Especialistas discutem traição ao publicar obra inédita de Gabriel Garcia Márquez sem autorização, destacando a importância do testamento para evitar disputas entre herdeiros.
‘Este livro não serve para leitura, é totalmente proibido’. Foi assim que Gabriel Garcia Márquez se referiu ao seu último manuscrito inacabado, denominado ‘Em agosto nos vemos’.
Apesar da genialidade do autor colombiano, a publicação vedada de sua obra acabou gerando polêmica no meio literário. Muitos consideraram o livro censurado como uma peça fundamental para entender o processo criativo do renomado escritor.
O caso do livro proibido de Gabo
Entretanto, a última manifestação de vontade do autor, falecido aos 96 anos em abril de 2014, não foi respeitada pelos filhos de Gabo, que decidiram publicar a publicação vedada em 6/3/24, justamente na data de aniversário do autor. A implicação jurídica do caso chama a atenção: o desrespeito à expressão de última vontade em vida, sem registro formal, pode ser considerada legal?
Ato de traição na obra proibida
Na introdução do livro, Rodrigo e Gonzalo García Barcha explicaram a decisão contrária à vontade do pai. Eles admitiram que se tratou de um ‘ato de traição’, mas ressaltaram que a perda das faculdades mentais de Gabo, que o impediu de terminar o manuscrito, também o teria impedido de perceber como a obra estava bem escrita.
A protagonista feminina no livro censurado
Os filhos do autor ainda afirmam que a decisão da publicação decorreu da presença de uma personagem feminina no livro, já que em todas as outras obras de Gabo, mulheres são coadjuvantes. A protagonista, no caso, é Ana Magdalena Bach, uma mulher de 50 anos, casada, que, anualmente viaja, em agosto, a uma ilha caribenha para visitar o túmulo da mãe.

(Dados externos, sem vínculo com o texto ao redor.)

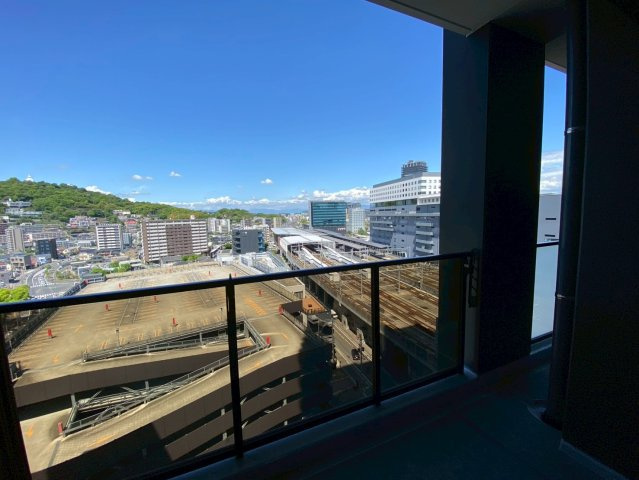 MJR熊本ゲートタワーのバルコニー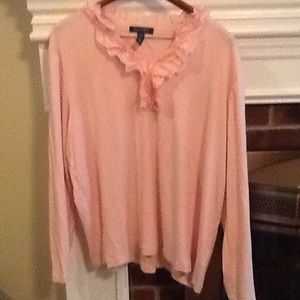 Ralph Lauren pink long sleeve tshirt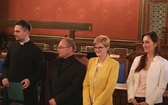 Uczniowie z Gilowic na gali w Collegium Novum UJ w Krakowie - 2019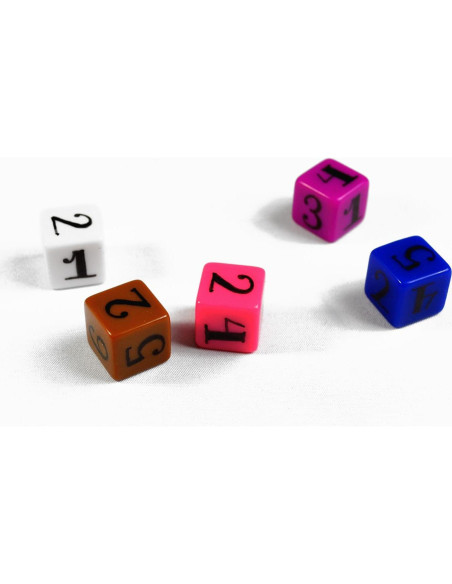 Juego de 60 Dados en Blanco Multi-color para Juegos de Mesa
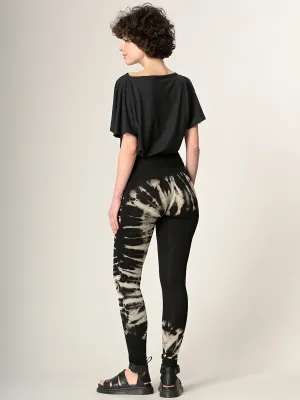 Tie Dye Leggings - Black - Style 2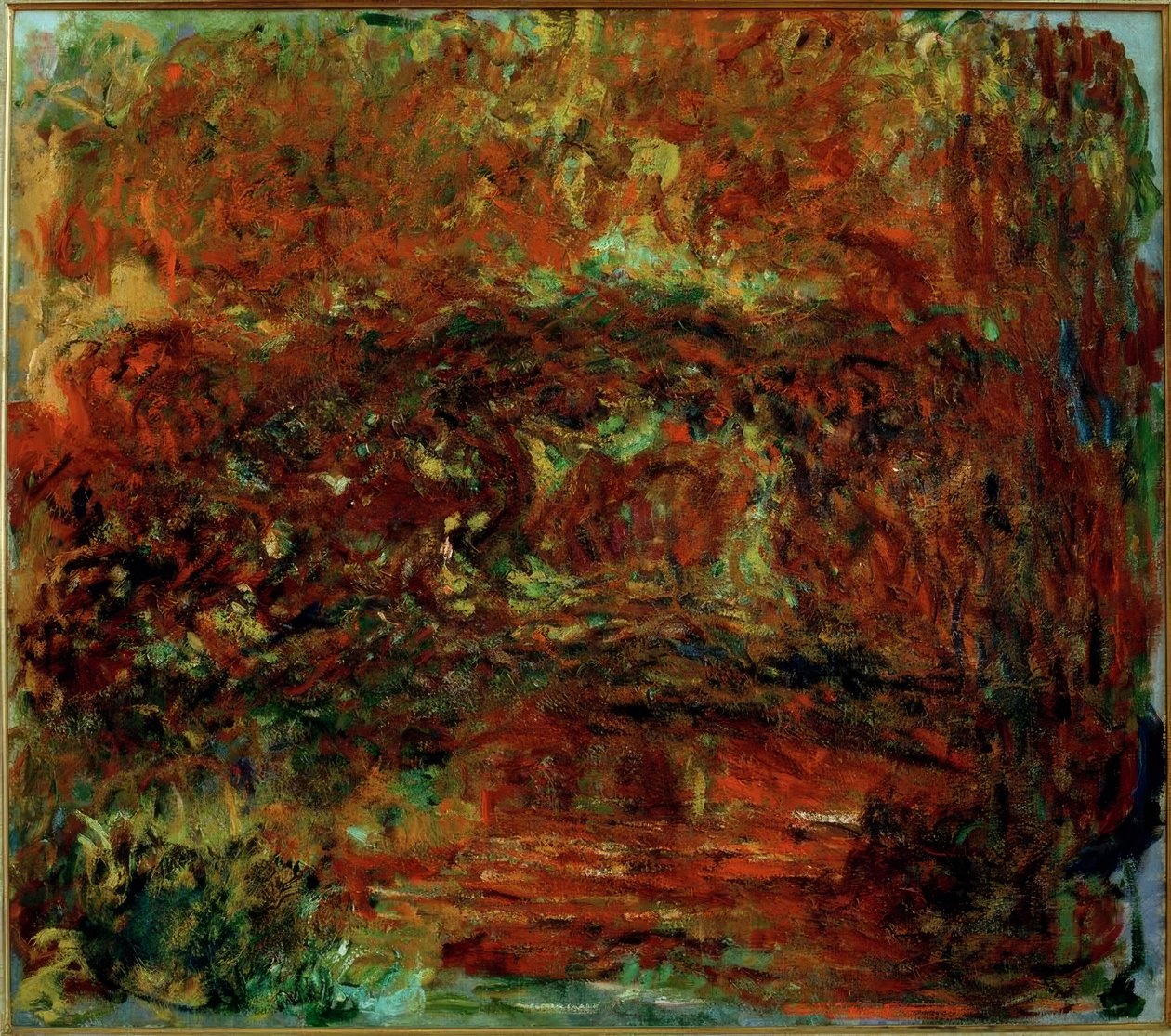 Claude Monet Water Lilies and Japanese Bridge Le Pont Japonais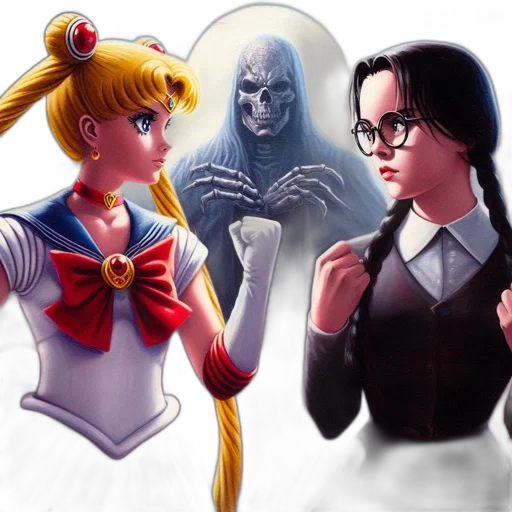 comic book art, anime, concept art, pixel art transparent PNG cut-out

Os desafios legais na obra proibida
Autores como Virgílio, Franz Kafka e Gabriel Garcia Marquez tiveram manifestação de última vontade contra a publicação de obras inéditas desrespeitada por herdeiros.
O tema do testamento na publicação proibida
A 32ª tabeliã de notas do Rio de Janeiro/RJ e professora de Direito Notarial e Registral , Virgínia Arrais, explica que toda manifestação de vontade feita em vida, para surtir efeitos após a morte, deve ser feita por testamento.
A lei de direitos autorais (lei 9.610/98), especifica, em seu art. 28, os direitos patrimoniais do autor – de exploração econômica da obra – e, em seu art.
24, os direitos morais, os quais são inalienáveis e irrenunciáveis. O §1º deste último dispositivo estipula que, após a morte do autor, o direito de ‘conservar a obra inédita’ é um dos que são transmitidos aos sucessores.
A divergência quanto à concordância na obra proibida
Na avaliação de Luiz Fernando Plastino, especialista em Propriedade Intelectual do escritório Barcellos Tucunduva Advogados, deixar uma obra póstuma inédita não é um direito patrimonial.
‘É outro tipo de direito autoral, o qual a lei determina que será exercido pelos sucessores do autor após a sua morte.
Assim, existe divergência sobre a necessidade de os herdeiros realmente respeitarem esse tipo de determinação de última vontade que não implica aproveitamento econômico.’ E se inexistir concordância? Virgínia Arrais reforça que ‘todo testamento ou escritura pública declaratória podem ser contestados, em função do livre acesso ao Poder Judiciário’.
A história dos autores e o livro proibido
Dessa forma, caso algum dos herdeiros discorde da decisão de publicação, por exemplo, é viável acionar a Justiça para buscar uma solução adequada.
A curiosa situação não é única. Outros autores que expressaram o desejo de proibir a publicação de suas obras antes de morrer tiveram suas vontades desconsideradas.
O imperador romano e o livro censurado
Um exemplo é Virgílio, que em 19 a.C. deixou instruções claras para que ‘Eneida’ fosse destruída. O poeta considerava que a obra não estava completa e em estado insatisfatório para publicação.
No entanto, o imperador romano Augusto, que era um grande admirador de Virgílio, ordenou que o poema fosse publicado, ignorando os desejos do autor.
O amigo fiel e o livro proibido
Outro caso notável é o de Franz Kafka. Antes de morrer de tuberculose, o escritor pediu ao seu amigo Max Brod que destruísse alguns escritos, incluindo os clássicos ‘O Processo’ e ‘O Castelo’, obras consideradas, hoje, de suma importância para o arcabouço literário de juristas.